Continuous data were presented as mean (s.d.) or median [interquartile range (IQR) (Q1, Q3)] and categorical variables as percentage. The Wilcoxon rank sum test was used to analyse continuous variables and chi-squared test was used for categorical variables. Kaplan–Meier methods and log-rank tests are used to estimate the rate of development of outcomes during follow-up, which is especially necessary because the length of follow-up differs between the two study cohorts. Relapse rate was calculated using person-year methods and differences in relapse rate between the groups were computed assuming the relapse rates followed a Poisson distribution.
Results
The cohorts
A total of 212 cases of biopsy-positive C-GCA and 120 cases of GCA with radiographically confirmed involvement of the subclavian arteries (LV-GCA) occurring during the study period were identified. Baseline demographic information for the two cohorts is presented in Table 1.
Table 1.
Baseline demographics of patients with cranial GCA and those with upper extremity arterial (large vessel) involvement
| Variable | C-GCA (n = 212) | LV-GCA (n = 120) | P-value |
|---|---|---|---|
| Age at GCA diagnosis, mean (s.d.), years | 75.7 (7.4) | 68.2 (7.5) | <0.001 |
| Female, n (%) | 153 (72) | 96 (80) | 0.11 |
| Time from symptom onset to diagnosis, median (Q1, Q3) months | 2.2 (1.2, 3.7) | 3.5 (2.0, 7.2) | <0.001 |
| History of PMR prior to GCA diagnosis, n (%) | 31 (15) | 31 (26) | 0.012 |
| Prednisone use prior to GCA diagnosis, n (%) | 23 (11) | 20 (17) | 0.13 |
| Prednisone dose, mean (s.d.), mg | 8.4 (6.0) | 6.8 (3.9) | 0.64 |
| Duration of prior prednisone use, mean (s.d.), years | 1.1 (1.3) | 2.5 (2.6) | 0.028 |
| Hypertension, n/N (%) | 105/212 (50) | 56/116 (48) | 0.83 |
| Hyperlipidaemia, n/N (%) | 86/212 (41) | 47/119 (40) | 0.85 |
| Ever smoker, n/N (%) | 75/206 (36) | 53/119 (44) | 0.15 |
| Current smoker, n/N (%) | 18/207 (9) | 10/120 (8) | 0.91 |
| Diabetes mellitus, n/N (%) | 14/200 (7) | 4/120 (3) | 0.21 |
| CAD, n/N (%) | 28/209 (13) | 16/120 (13) | 0.99 |
C-GCA: cranial GCA; LV-GCA: large-vessel GCA; CAD: coronary artery disease.

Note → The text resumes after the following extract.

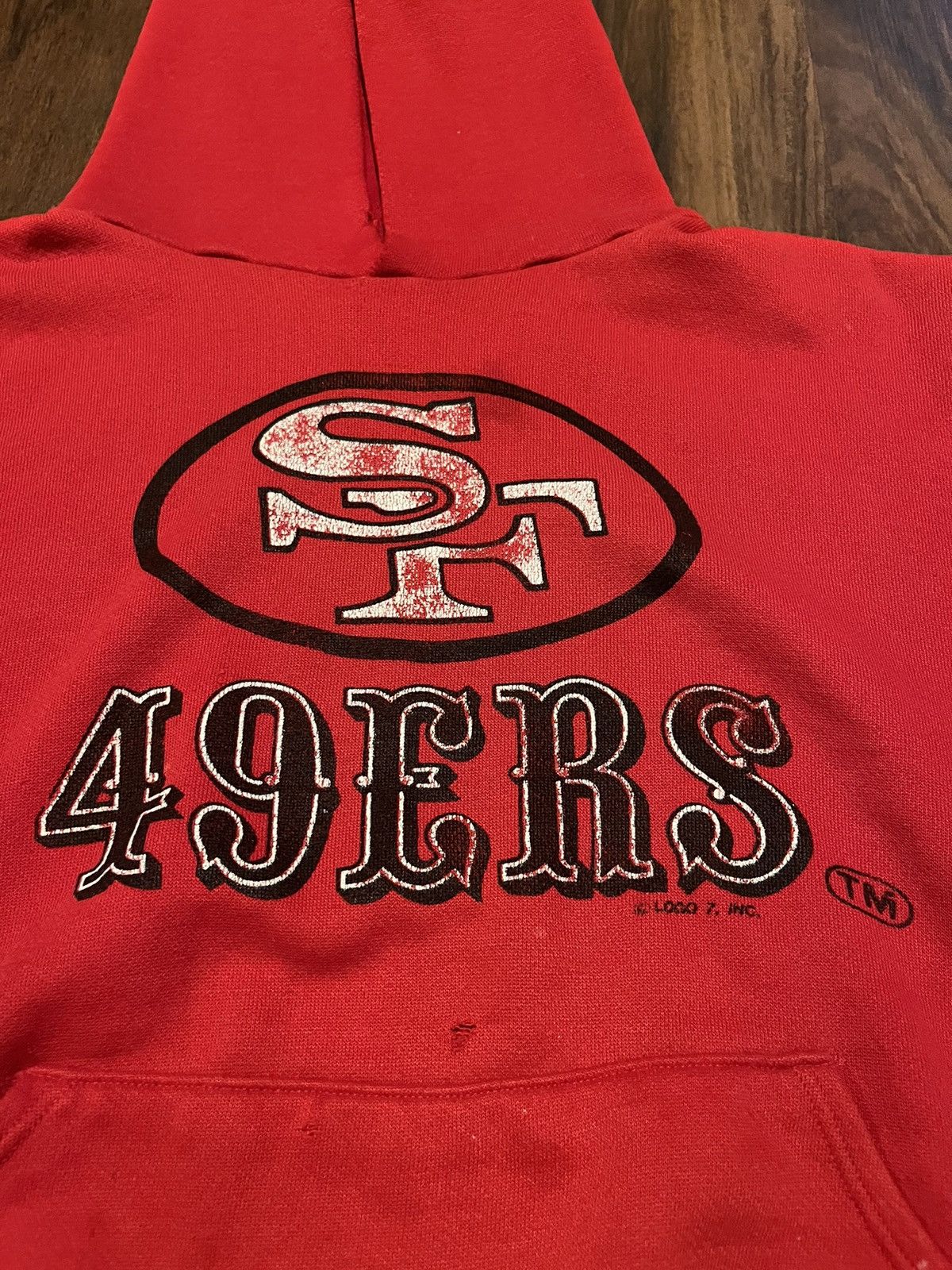 Logo 7 Vintage nfl hoodie Size US XL / EU 56 / 4 - 2 Thumbnail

In 90 of 120 cases (75%) with LV-GCA, subclavian artery involvement was diagnosed at the same time as GCA. In 30 patients (25%), LV-GCA was diagnosed a mean of 2.6 years (s.d. 1.9) after the initial diagnosis of GCA. Twenty-one of the 30 patients were still on prednisone [mean daily dose 12.2 mg (s.d. 9.2)] when upper extremity arterial involvement was detected.

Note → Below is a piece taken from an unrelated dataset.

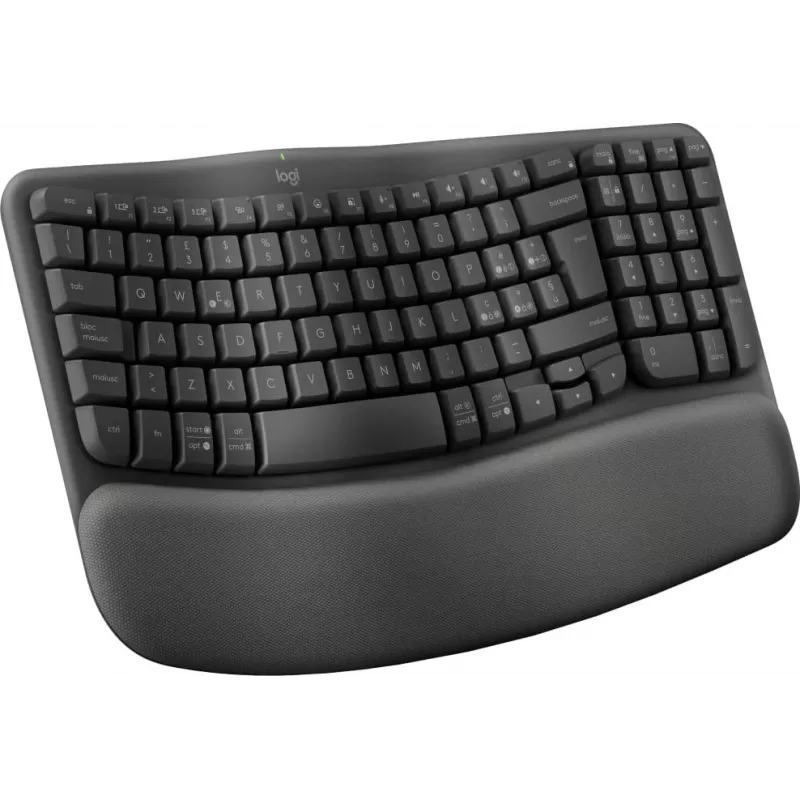 Logitech Ergo Series Wave Keys for Business teclado ergonómico sem fios, disposição italiana, grafite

The majority of patients with LV-GCA [68/120 (57%)] had clinical symptoms and/or signs of upper extremity vascular insufficiency, while in 52 cases (43%) vasculitic involvement of the subclavian arteries was incidentally noted on imaging studies. Histological confirmation of GCA was available in 53 of 120 patients (44%) with LV-GCA. TAB was performed in 79 (66% of the LV-GCA cohort) patients and was positive for GCA in 41 (52%). In 19 patients (16% of the LV-GCA cohort), arterial tissue (other than TAB) was available for histopathological examination; in 14 (74%) findings were consistent with GCA.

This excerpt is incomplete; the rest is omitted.